PROVIDED DATA.
····················
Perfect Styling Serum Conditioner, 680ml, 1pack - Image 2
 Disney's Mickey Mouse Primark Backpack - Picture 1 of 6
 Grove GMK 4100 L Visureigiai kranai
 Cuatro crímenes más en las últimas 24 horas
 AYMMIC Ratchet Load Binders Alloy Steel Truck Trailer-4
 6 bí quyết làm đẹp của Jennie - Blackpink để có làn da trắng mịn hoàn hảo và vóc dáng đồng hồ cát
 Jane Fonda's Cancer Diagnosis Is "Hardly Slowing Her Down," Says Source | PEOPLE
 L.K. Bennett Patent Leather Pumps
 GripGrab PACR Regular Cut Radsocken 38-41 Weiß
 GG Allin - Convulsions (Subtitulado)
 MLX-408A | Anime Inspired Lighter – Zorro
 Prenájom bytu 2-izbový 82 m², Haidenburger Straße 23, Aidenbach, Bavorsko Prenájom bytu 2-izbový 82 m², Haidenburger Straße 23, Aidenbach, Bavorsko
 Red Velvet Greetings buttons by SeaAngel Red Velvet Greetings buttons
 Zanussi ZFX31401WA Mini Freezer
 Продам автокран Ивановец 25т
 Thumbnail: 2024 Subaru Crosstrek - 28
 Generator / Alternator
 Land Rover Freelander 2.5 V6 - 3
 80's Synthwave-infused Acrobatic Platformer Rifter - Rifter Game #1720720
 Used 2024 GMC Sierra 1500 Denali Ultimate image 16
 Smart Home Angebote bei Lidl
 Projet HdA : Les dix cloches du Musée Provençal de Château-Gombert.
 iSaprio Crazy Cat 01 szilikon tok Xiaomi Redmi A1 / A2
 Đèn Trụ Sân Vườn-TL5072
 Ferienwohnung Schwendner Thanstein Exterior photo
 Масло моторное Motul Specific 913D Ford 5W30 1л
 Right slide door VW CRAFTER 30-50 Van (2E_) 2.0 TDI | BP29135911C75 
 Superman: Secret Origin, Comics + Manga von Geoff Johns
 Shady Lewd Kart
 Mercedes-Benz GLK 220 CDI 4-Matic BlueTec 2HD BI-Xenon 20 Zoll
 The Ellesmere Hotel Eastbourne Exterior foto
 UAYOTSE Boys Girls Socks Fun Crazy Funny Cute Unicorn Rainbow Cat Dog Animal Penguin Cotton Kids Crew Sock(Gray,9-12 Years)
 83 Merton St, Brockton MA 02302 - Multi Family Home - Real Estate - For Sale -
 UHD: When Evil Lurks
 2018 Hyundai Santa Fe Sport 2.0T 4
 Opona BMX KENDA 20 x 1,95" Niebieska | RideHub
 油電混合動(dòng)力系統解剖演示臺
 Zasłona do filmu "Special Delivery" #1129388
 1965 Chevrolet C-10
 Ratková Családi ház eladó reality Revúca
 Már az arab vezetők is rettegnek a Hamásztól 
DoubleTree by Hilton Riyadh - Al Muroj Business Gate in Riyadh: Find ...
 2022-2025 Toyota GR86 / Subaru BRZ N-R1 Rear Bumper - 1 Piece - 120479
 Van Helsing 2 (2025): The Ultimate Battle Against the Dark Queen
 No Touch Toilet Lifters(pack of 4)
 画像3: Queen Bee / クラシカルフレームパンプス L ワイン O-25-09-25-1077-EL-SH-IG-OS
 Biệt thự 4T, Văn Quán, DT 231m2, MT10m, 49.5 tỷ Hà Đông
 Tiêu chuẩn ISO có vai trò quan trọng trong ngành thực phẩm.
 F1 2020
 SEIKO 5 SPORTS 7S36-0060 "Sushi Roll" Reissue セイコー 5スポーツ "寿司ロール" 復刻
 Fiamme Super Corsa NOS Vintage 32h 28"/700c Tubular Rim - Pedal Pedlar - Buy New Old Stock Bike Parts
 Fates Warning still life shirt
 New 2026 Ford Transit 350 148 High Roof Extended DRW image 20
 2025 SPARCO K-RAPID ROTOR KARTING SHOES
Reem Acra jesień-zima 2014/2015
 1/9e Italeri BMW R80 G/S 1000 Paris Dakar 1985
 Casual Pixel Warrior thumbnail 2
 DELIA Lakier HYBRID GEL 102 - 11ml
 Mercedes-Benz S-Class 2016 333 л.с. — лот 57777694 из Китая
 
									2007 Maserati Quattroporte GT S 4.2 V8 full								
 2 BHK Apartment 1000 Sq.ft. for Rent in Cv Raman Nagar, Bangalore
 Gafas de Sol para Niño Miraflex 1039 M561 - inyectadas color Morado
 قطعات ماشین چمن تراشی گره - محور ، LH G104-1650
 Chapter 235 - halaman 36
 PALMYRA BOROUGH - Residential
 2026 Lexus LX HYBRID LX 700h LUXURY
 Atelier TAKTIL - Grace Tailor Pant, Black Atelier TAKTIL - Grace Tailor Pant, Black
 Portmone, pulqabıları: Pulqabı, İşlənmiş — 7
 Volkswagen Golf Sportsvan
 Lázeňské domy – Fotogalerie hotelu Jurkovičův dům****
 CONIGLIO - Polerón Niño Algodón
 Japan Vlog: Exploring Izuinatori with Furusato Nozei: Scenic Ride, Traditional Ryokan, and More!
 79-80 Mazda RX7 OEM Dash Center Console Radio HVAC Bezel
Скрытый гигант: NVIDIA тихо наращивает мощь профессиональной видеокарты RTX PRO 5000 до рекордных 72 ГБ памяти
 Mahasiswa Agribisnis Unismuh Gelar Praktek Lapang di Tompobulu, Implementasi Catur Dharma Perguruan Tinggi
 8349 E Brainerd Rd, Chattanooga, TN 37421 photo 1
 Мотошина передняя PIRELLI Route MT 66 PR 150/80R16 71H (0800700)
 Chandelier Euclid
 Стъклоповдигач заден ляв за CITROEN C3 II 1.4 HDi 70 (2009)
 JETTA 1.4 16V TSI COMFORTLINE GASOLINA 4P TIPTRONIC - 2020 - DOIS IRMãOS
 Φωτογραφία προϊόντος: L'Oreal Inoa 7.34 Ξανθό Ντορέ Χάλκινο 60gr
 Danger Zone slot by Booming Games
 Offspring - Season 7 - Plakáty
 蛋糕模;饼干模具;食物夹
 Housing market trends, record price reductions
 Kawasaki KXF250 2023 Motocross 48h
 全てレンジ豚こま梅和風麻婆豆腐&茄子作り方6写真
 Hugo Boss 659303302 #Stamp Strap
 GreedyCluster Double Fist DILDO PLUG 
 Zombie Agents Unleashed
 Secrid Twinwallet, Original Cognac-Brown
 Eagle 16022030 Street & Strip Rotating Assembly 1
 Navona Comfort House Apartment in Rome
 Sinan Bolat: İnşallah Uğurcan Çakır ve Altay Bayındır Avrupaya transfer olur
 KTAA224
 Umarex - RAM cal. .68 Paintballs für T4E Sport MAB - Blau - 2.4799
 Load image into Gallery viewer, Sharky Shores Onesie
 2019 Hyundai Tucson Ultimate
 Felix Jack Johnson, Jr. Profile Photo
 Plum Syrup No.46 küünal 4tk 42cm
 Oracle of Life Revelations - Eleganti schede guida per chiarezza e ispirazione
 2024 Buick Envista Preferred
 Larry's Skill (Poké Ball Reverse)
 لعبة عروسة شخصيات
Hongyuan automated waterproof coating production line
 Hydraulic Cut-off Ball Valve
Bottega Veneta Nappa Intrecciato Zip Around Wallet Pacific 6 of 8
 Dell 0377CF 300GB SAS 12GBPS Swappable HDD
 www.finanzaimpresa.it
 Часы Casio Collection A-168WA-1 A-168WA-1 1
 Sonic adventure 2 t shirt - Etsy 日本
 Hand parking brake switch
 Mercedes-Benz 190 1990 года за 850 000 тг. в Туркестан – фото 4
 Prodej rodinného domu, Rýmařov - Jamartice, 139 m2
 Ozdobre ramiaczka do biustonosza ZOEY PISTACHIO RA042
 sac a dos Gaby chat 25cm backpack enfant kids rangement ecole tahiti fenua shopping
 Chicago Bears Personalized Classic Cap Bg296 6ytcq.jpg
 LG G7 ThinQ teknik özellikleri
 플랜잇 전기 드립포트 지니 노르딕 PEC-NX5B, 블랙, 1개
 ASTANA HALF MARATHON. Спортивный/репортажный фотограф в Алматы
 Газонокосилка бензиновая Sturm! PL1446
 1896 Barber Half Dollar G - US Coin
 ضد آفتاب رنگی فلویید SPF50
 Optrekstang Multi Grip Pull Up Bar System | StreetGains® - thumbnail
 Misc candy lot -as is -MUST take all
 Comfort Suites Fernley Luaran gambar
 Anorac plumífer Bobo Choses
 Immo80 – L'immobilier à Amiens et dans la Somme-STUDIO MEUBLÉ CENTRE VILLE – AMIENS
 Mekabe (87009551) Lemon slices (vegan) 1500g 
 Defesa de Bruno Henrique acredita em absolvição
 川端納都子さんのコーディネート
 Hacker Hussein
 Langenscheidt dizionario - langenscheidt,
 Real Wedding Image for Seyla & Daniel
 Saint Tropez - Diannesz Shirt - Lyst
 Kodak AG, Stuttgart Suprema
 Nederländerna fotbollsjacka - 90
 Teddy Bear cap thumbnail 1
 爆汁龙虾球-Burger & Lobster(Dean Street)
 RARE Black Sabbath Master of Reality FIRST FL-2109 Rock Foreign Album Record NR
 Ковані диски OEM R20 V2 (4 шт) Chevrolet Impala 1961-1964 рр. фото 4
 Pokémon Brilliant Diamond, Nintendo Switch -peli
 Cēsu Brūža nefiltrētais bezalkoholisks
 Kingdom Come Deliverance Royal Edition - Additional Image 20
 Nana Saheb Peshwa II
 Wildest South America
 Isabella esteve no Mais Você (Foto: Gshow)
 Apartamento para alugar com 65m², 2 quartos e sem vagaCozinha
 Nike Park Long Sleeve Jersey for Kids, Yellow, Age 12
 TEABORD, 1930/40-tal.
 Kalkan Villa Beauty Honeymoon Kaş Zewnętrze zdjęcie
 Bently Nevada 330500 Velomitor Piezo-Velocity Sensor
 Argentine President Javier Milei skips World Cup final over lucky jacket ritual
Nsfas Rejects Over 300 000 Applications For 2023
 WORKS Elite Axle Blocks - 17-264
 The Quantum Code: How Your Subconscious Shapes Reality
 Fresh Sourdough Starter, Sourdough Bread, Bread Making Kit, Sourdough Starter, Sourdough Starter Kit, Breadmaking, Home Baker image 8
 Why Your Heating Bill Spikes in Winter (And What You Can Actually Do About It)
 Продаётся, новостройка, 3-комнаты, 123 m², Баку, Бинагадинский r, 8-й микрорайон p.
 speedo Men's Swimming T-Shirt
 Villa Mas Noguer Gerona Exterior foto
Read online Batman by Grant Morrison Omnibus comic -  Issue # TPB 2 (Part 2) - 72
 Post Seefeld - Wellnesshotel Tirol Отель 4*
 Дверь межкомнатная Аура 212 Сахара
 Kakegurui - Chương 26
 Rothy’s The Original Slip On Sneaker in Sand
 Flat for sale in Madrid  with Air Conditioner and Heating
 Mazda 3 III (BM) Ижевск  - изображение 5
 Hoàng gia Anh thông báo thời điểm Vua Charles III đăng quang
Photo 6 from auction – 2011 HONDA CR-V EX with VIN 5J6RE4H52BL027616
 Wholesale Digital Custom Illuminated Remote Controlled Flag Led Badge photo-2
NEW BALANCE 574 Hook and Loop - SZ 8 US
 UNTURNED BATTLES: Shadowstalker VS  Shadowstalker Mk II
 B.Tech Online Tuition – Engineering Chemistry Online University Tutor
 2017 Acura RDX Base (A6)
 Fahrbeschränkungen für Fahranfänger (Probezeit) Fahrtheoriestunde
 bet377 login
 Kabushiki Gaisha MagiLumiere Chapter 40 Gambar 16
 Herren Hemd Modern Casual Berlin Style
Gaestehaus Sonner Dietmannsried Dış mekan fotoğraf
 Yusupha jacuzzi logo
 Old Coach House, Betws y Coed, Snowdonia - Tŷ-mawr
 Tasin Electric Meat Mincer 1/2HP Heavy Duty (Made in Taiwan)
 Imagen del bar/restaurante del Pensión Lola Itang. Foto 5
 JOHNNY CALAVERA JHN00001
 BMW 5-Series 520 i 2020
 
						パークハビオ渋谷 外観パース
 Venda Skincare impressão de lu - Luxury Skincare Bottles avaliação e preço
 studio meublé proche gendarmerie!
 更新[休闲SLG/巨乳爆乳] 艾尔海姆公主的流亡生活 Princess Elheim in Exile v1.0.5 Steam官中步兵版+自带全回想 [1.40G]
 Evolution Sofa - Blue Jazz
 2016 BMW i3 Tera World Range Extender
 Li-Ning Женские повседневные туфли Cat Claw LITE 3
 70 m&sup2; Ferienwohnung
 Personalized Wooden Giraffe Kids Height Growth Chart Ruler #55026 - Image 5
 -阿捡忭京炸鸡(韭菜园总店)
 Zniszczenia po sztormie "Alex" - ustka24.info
····················
EXERCISE BRIEF. In the listing above, find the line with "Zasłona do filmu" and the line with "Portmone, pulqabıları: Pulqabı, İşlənmiş — 7"; set down exactly those two lines and every line between them, nothing more.

TASK SOLUTION.
 Zasłona do filmu "Special Delivery" #1129388
 1965 Chevrolet C-10
 Ratková Családi ház eladó reality Revúca
 Már az arab vezetők is rettegnek a Hamásztól 
DoubleTree by Hilton Riyadh - Al Muroj Business Gate in Riyadh: Find ...
 2022-2025 Toyota GR86 / Subaru BRZ N-R1 Rear Bumper - 1 Piece - 120479
 Van Helsing 2 (2025): The Ultimate Battle Against the Dark Queen
 No Touch Toilet Lifters(pack of 4)
 画像3: Queen Bee / クラシカルフレームパンプス L ワイン O-25-09-25-1077-EL-SH-IG-OS
 Biệt thự 4T, Văn Quán, DT 231m2, MT10m, 49.5 tỷ Hà Đông
 Tiêu chuẩn ISO có vai trò quan trọng trong ngành thực phẩm.
 F1 2020
 SEIKO 5 SPORTS 7S36-0060 "Sushi Roll" Reissue セイコー 5スポーツ "寿司ロール" 復刻
 Fiamme Super Corsa NOS Vintage 32h 28"/700c Tubular Rim - Pedal Pedlar - Buy New Old Stock Bike Parts
 Fates Warning still life shirt
 New 2026 Ford Transit 350 148 High Roof Extended DRW image 20
 2025 SPARCO K-RAPID ROTOR KARTING SHOES
Reem Acra jesień-zima 2014/2015
 1/9e Italeri BMW R80 G/S 1000 Paris Dakar 1985
 Casual Pixel Warrior thumbnail 2
 DELIA Lakier HYBRID GEL 102 - 11ml
 Mercedes-Benz S-Class 2016 333 л.с. — лот 57777694 из Китая
 
									2007 Maserati Quattroporte GT S 4.2 V8 full								
 2 BHK Apartment 1000 Sq.ft. for Rent in Cv Raman Nagar, Bangalore
 Gafas de Sol para Niño Miraflex 1039 M561 - inyectadas color Morado
 قطعات ماشین چمن تراشی گره - محور ، LH G104-1650
 Chapter 235 - halaman 36
 PALMYRA BOROUGH - Residential
 2026 Lexus LX HYBRID LX 700h LUXURY
 Atelier TAKTIL - Grace Tailor Pant, Black Atelier TAKTIL - Grace Tailor Pant, Black
 Portmone, pulqabıları: Pulqabı, İşlənmiş — 7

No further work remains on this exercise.